Long post alert (but with some knitting updates in tow).
I’m coming to recognize and examine a few things about myself:
1. I like to get lost in work. Different kinds of work. Usually, whatever it is I have to do. Call it engagement, “flow,” or trance, I rely on that state of zoned-out engagement for a sense of balance and productivity.
2. I am a slow worker. By this, I mean that I like to take my time. Whether preparing a piece of writing, a piece of knitting, or a meal, I like to consider possible alternatives, undo and re-do my efforts, enjoy all the different steps of a process. I’ve often felt that my slowness has been, up until now, a disadvantage. World records, rewards and races endlessly validate speediness; “slowness” gets a bad rap.
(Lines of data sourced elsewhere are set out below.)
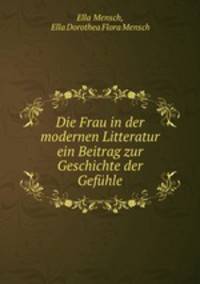 Die Frau in der modernen Litteratur ein Beitrag zur Geschichte der Gefuhle
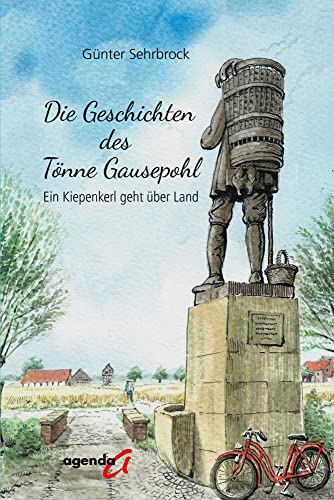 Die Geschichten des Tönne Gausepohl: Ein Kiepenkerl geht über Land von agenda Münster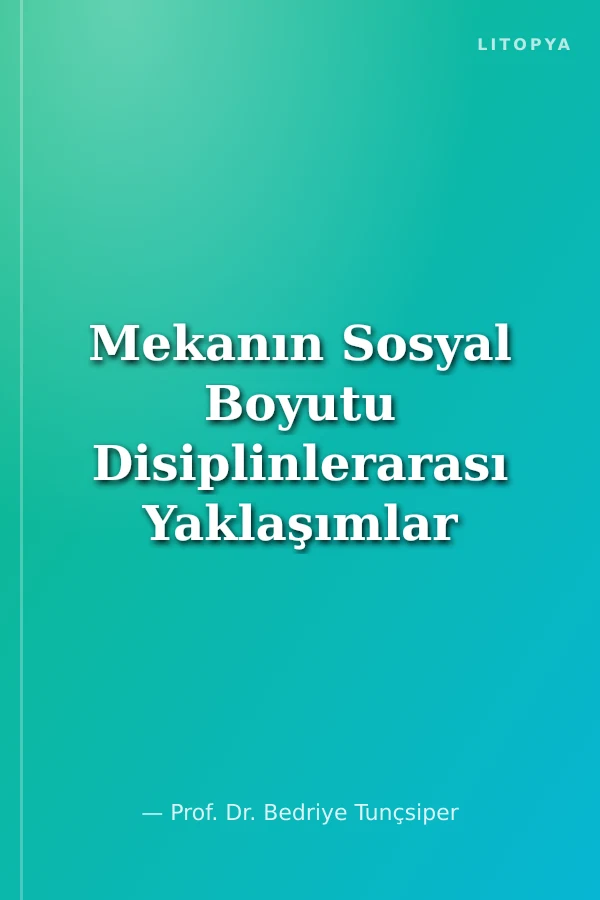 Mekanın Sosyal Boyutu Disiplinlerarası Yaklaşımlar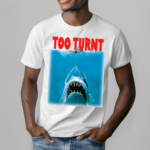 Merch Shark Week Too Turnt Shirt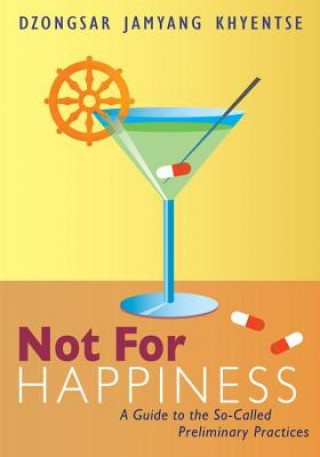 Kniha Not for Happiness Dzongsar Jamyang Khyentse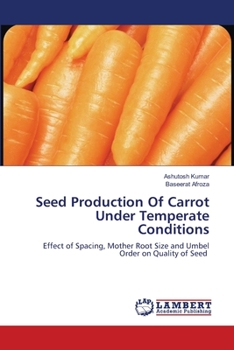 Seed Production Of Carrot Under Temperate Conditions: Effect of Spacing, Mother Root Size and Umbel Order on Quality of Seed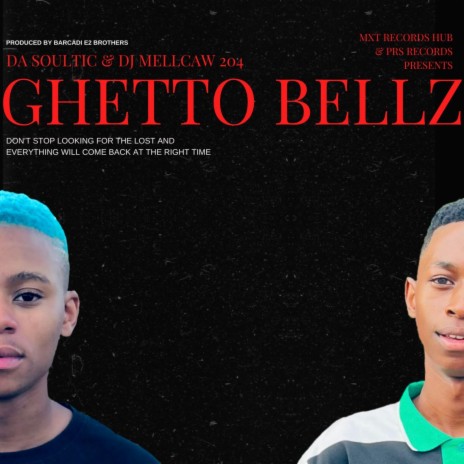 GHETTO BELLZ ft. Da Soultic | Boomplay Music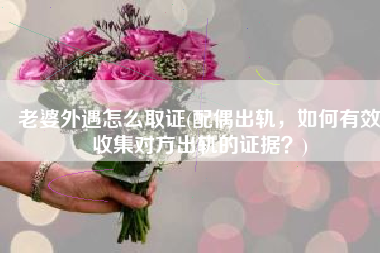 老婆外遇怎么取证(配偶出轨，如何有效收集对方出轨的证据？)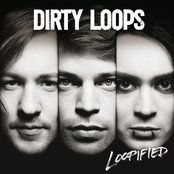 Dirty Loops - List pictures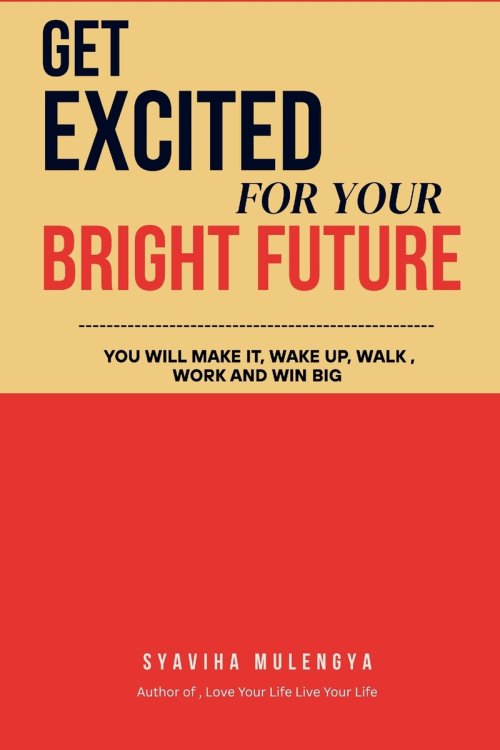 GET EXCITED  FOR YOUR  BRIGHT  FUTURE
But, when I work slowly (and can manage to tame the urgent sense that I should work faster), I get the most work done over the long term. Slow work adds up.
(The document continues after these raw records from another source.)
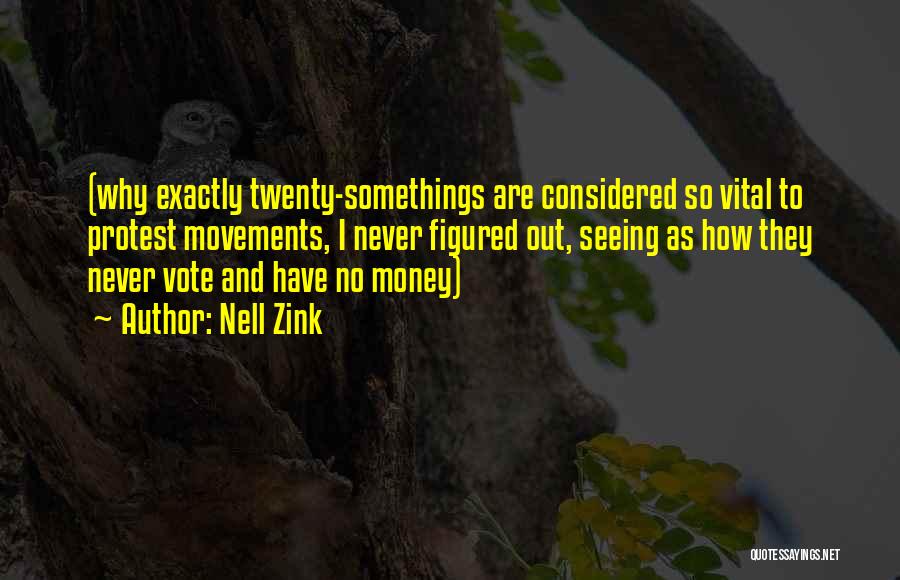 Nell Zink Quotes: (why Exactly Twenty-somethings Are Considered So Vital To Protest Movements, I Never Figured Out, Seeing As How They Never Vote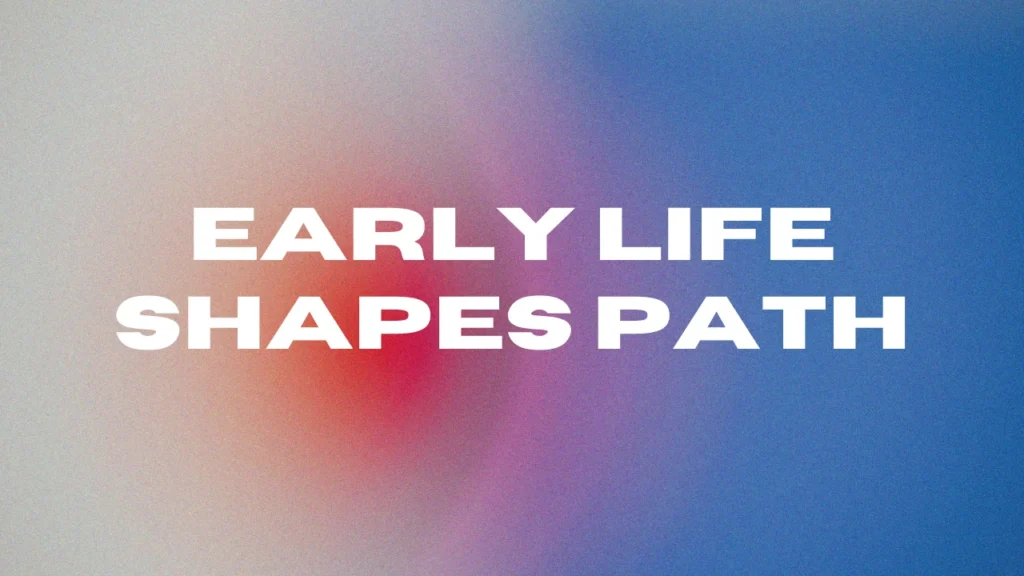 Early Life Shapes Path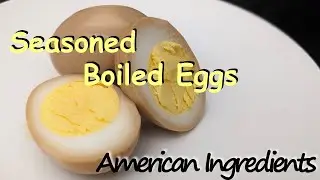 How to Cook Seasoned Boiled Eggs | Easy Japanese Recipes with American Ingredients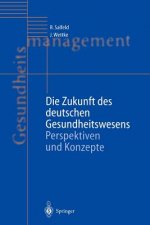 Die Zukunft des Deutschen Gesundheitswesens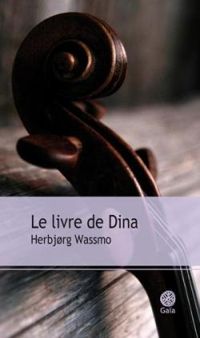 Couverture du livre Le Livre de Dina - Herbjrg Wassmo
When I first became aware of it, my habit of slow work seemed counter-intuitive and almost paradoxical. Business-y internet clip art and related images of productivity have taught me that productivity thrives on speed: doing multiple things on the go, doing them quickly, one after the other, life-hacking tasks to cut the time it takes to do them. But, the more I committed myself to the kinds of projects I actually enjoyed doing, the more I discovered that there are many things to which shortcuts don’t apply. Some very worthwhile processes are not very “efficient” or streamlined at all. For these processes, slow and steady plodding (with its second chances, pauses, and time for deliberation) feels more comfortable to me. I’m starting to appreciate my disposition for slowness, and am beginning to discover its benefits and advantages.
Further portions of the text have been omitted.